Task brief: Lines of the material that include the string "wooden" should be returned.

Record extracts below:

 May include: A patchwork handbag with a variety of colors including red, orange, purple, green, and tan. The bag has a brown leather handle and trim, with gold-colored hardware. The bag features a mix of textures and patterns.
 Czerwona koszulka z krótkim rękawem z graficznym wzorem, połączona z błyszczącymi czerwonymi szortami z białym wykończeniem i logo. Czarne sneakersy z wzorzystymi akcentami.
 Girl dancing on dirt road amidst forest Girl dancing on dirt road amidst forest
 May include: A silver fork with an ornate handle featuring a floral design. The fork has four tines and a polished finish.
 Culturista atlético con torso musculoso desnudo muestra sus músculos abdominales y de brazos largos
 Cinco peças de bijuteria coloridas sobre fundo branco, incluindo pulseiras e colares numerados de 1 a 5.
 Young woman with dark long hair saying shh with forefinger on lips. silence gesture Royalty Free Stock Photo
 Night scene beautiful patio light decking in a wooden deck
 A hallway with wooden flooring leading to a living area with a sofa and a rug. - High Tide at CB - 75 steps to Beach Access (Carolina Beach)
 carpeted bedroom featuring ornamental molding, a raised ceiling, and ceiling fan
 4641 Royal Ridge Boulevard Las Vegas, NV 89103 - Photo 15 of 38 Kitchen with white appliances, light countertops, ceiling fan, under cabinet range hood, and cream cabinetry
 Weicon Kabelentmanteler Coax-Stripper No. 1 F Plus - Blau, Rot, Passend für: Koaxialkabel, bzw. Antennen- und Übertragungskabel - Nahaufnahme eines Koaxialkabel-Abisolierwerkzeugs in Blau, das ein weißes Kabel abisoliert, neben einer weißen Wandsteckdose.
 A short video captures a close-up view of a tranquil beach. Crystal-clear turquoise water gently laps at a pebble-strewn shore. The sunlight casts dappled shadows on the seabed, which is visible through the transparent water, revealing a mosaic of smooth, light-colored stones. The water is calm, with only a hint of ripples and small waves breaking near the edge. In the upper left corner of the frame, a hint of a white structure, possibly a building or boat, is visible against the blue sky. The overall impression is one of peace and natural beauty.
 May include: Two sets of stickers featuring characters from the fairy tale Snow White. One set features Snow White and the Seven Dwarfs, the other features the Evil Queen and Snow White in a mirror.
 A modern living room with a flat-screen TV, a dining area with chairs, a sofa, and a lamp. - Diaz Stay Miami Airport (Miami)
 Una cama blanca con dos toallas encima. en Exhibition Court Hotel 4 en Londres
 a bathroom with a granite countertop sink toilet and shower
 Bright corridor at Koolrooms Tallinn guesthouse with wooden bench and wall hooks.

End of Record extracts.

Response to this task:
 Night scene beautiful patio light decking in a wooden deck
 A hallway with wooden flooring leading to a living area with a sofa and a rug. - High Tide at CB - 75 steps to Beach Access (Carolina Beach)
 Bright corridor at Koolrooms Tallinn guesthouse with wooden bench and wall hooks.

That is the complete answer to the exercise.